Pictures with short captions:
☆ ☆ ☆ ☆ ☆ ☆ ☆
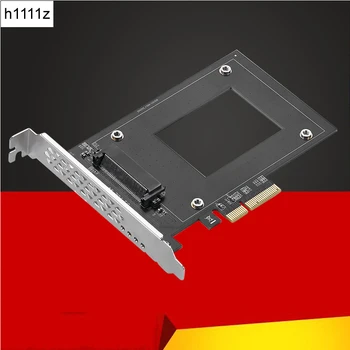 U. 2 PCIe4.0 Adapter za Visoke Hitrosti, PCI Express X4/X8/X16, da U. 2 SFF-8639 Širitev Kartico Riser 7000Mbps za Intel 2.5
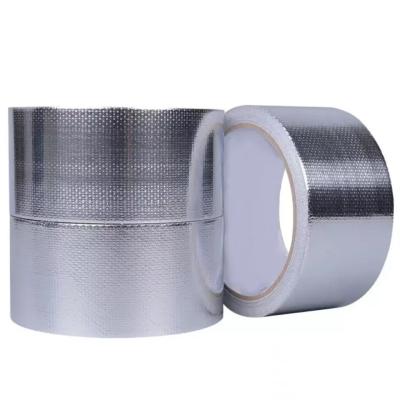 China Fireproof HVAC Thermal Insulation Aluminium Tape Heat Resistant Fiberglass Cloth Tape for sale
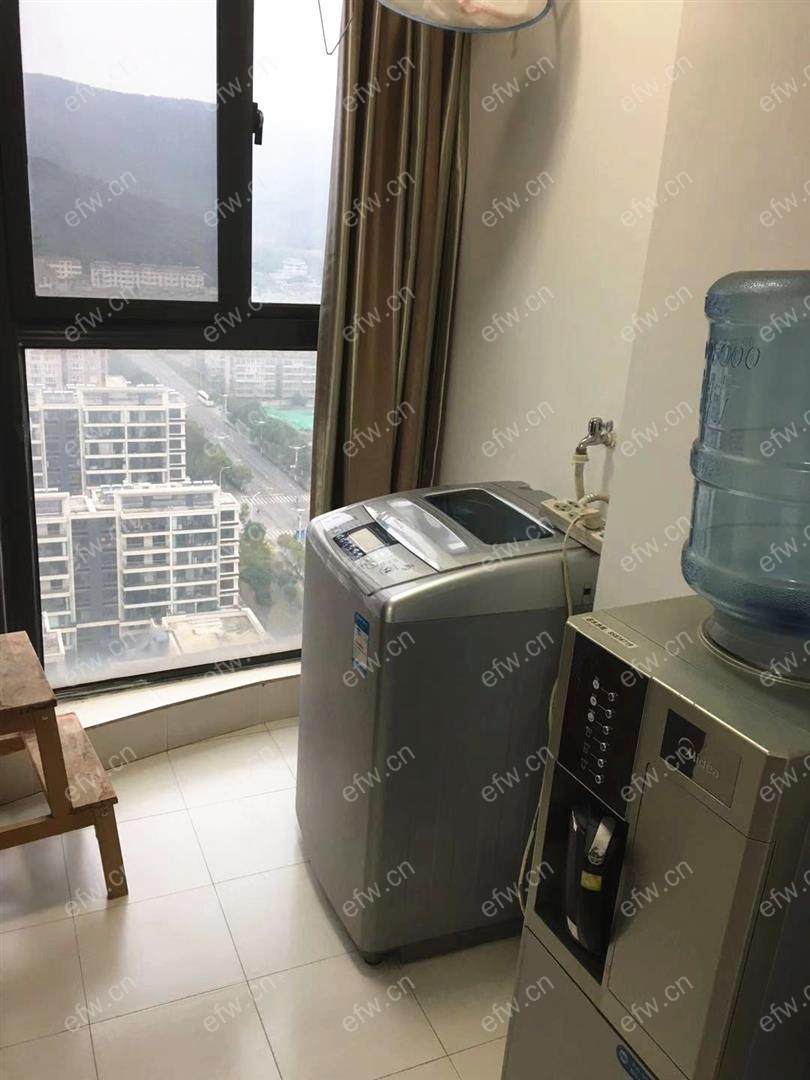 家电齐全 带飘窗 富安华庭 采光好 绿化好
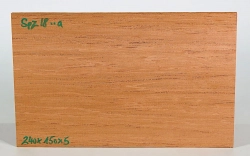 Spz018 Spanish Cedar Small Board 250 x 150 x 5 mm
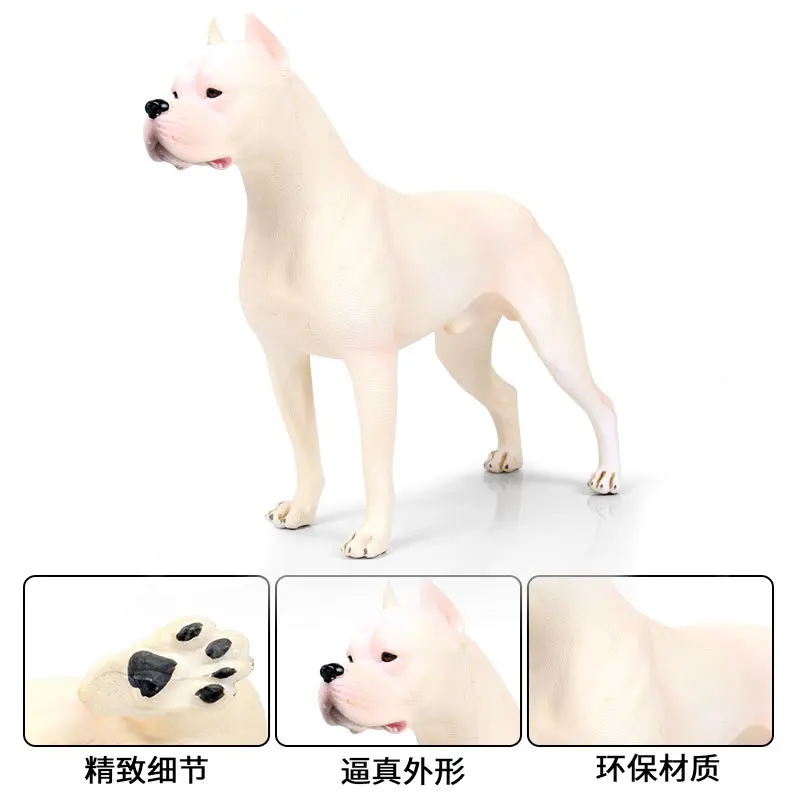 Игрушечная собака фигурки животных коллекционные игрушки экшн Детские Пластик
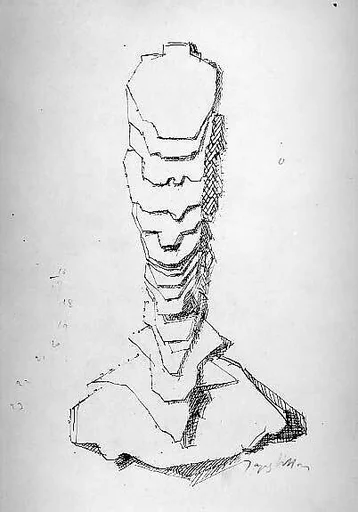 Study of Baudelaire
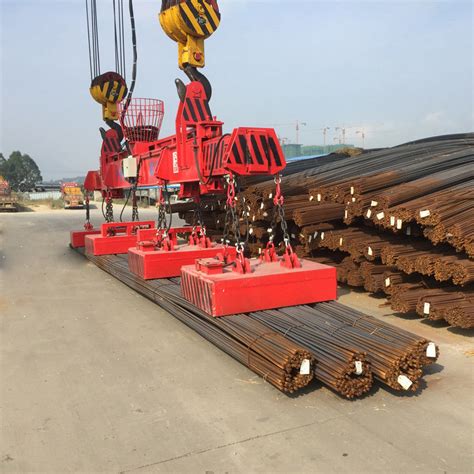 Excavator Scrap Electromagnetic Lifting Magnet 1 Ton For Pipe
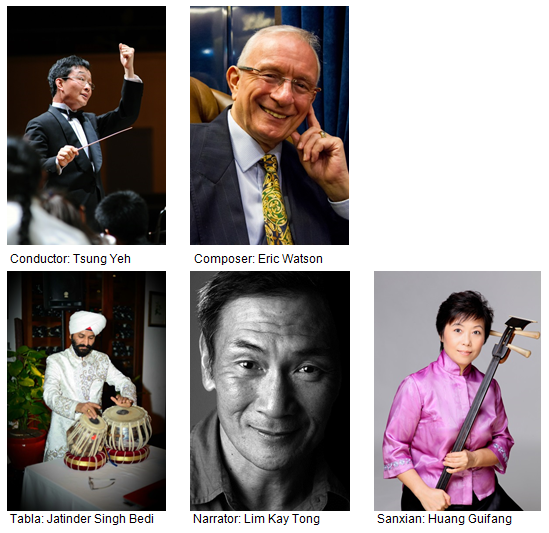 2017-10-12-1 Be enamoured by a beautiful repertoire cultivated from an English composer’s passion for Chinese music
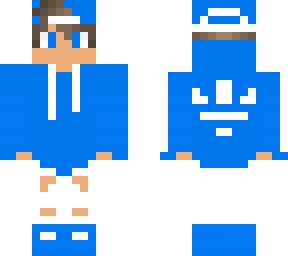 blue adidas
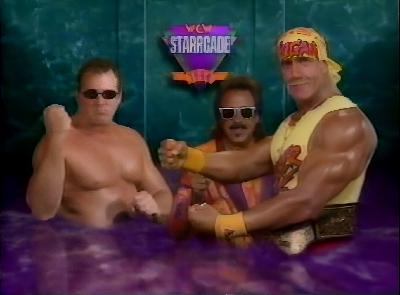 The Squared Circle Time Machine: Episode 33 - WCW Starrcade 1994 The Squared Circle Time Machine: Episode 33 - WCW Starrcade 1994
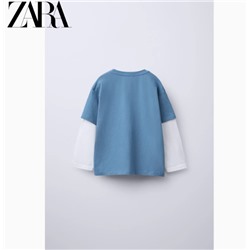 Лонгслив для мальчиков ЗАР*А. Экспорт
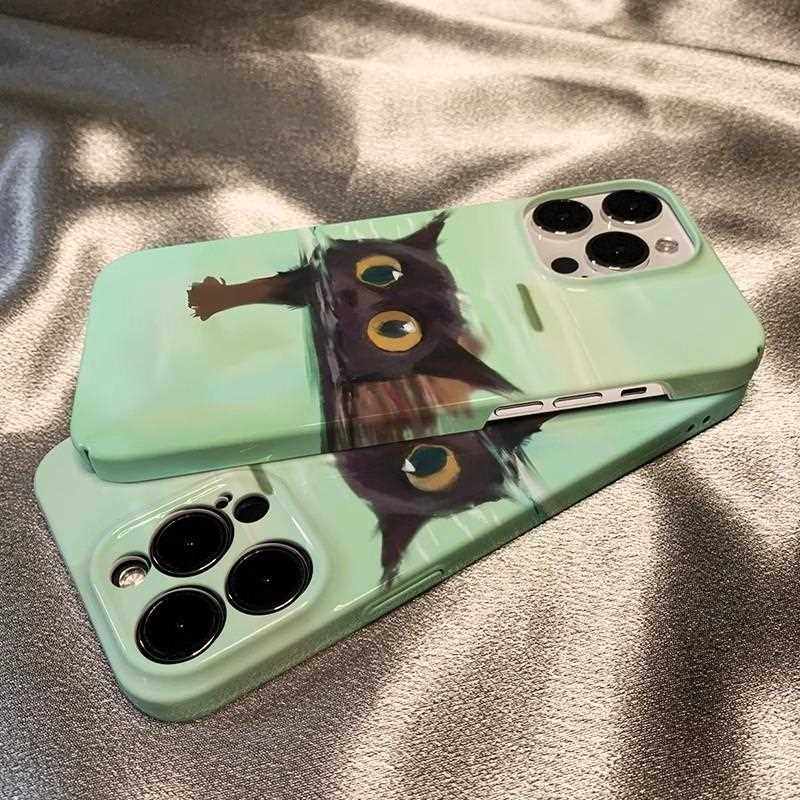 游泳小猫适用苹果15Promax手机壳14全包13Pro菲林11硬壳12可爱x女新款适用于苹果17promax手机壳iphone16巨好,淘宝优惠券,粉丝福利购,淘宝优惠卷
☆ ☆ ☆ ☆ ☆ ☆ ☆
◆ Work required ◆
Skip all pictures. Copy exactly the lines from the one containing "家电齐全 带飘窗 富安华庭 采光好 绿化好" through the end of the records, both ends included.

◆ Completed exercise ◆
 家电齐全 带飘窗 富安华庭 采光好 绿化好
 Spz018 Spanish Cedar Small Board 250 x 150 x 5 mm
 Игрушечная собака фигурки животных коллекционные игрушки экшн Детские Пластик
 Study of Baudelaire
 Excavator Scrap Electromagnetic Lifting Magnet 1 Ton For Pipe
 2017-10-12-1 Be enamoured by a beautiful repertoire cultivated from an English composer’s passion for Chinese music
 blue adidas
 The Squared Circle Time Machine: Episode 33 - WCW Starrcade 1994 The Squared Circle Time Machine: Episode 33 - WCW Starrcade 1994
 Лонгслив для мальчиков ЗАР*А. Экспорт
 游泳小猫适用苹果15Promax手机壳14全包13Pro菲林11硬壳12可爱x女新款适用于苹果17promax手机壳iphone16巨好,淘宝优惠券,粉丝福利购,淘宝优惠卷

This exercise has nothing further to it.